"Mon fils se bat pour sa vie", a déclaré, émue, Julia Jackson, mère de la victime, lors d'une conférence de presse à Kenosha, dans l'Etat du Wisconsin.
"Si Jacob savait ce qu'il se passait, la violence et la destruction, il serait très mécontent (...) Nous avons besoin de guérir", a-t-elle ajouté alors que son fils était à nouveau au bloc opératoire.
Comme pour George Floyd, un quadragénaire noir mort asphyxié sous le genou d'un policier blanc il y a trois mois, la tentative d'interpellation de Jacob Blake a été filmée par un témoin dimanche.
Les images montrent le jeune Afro-américain suivi par deux policiers ayant dégainé leurs armes alors qu'il contourne une voiture.
Un agent attrape son débardeur blanc au moment où il ouvre la portière et tente de s'installer sur le siège conducteur. Le policier fait alors feu -l'enregistrement laisse entendre sept tirs-, atteignant ce père de famille de plusieurs balles dans le dos.

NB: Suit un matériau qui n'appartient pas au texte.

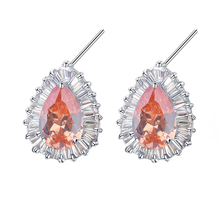 YAN MEI Elegant big Waterdrop Earring AAA Cubic Zirconia Silver Color luxury stud earrings Women's Valentine's Day Gift GLE0181 2024 - buy cheap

"Le diagnostic médical pour le moment est qu'il est paralysé", a affirmé l'avocat de la famille de Jacob Blake, Ben Crump.
Il a subi de "graves dommages corporels, dont une section de la moelle épinière", ses reins et son foie ont été endommagés et ses blessures ont nécessité "l'ablation d'une partie de l'intestin", a précisé l'avocat Patrick Salvi, lui aussi sur le dossier.
La famille de Jacob Blake va porter plainte au civil, a-t-il annoncé.
Les avocats ont par ailleurs annoncé qu'ils se rendraient à Washington vendredi pour rejoindre une vaste marche contre les violences policières organisée le jour de l'anniversaire du célèbre discours de Martin Luther King "I have a dream" (J'ai un rêve).
Minneapolis, New York, Los Angeles ou Portland: plusieurs villes américaines sont devenues depuis dimanche le théâtre de rassemblements parfois violents, des milliers de personnes exigeant que justice soit faite pour Jacob Blake.
A Kenosha, ville de 170.000 habitants située au bord du lac Michigan, entre Milwaukee et Chicago, des échauffourées ont éclaté dans la nuit de lundi à mardi entre manifestants et forces de l'ordre après l'entrée en vigueur d'un couvre-feu.
Des grilles en fer ont été installées mardi à proximité d'un tribunal, où des voitures et un immeuble avaient été incendiés la veille.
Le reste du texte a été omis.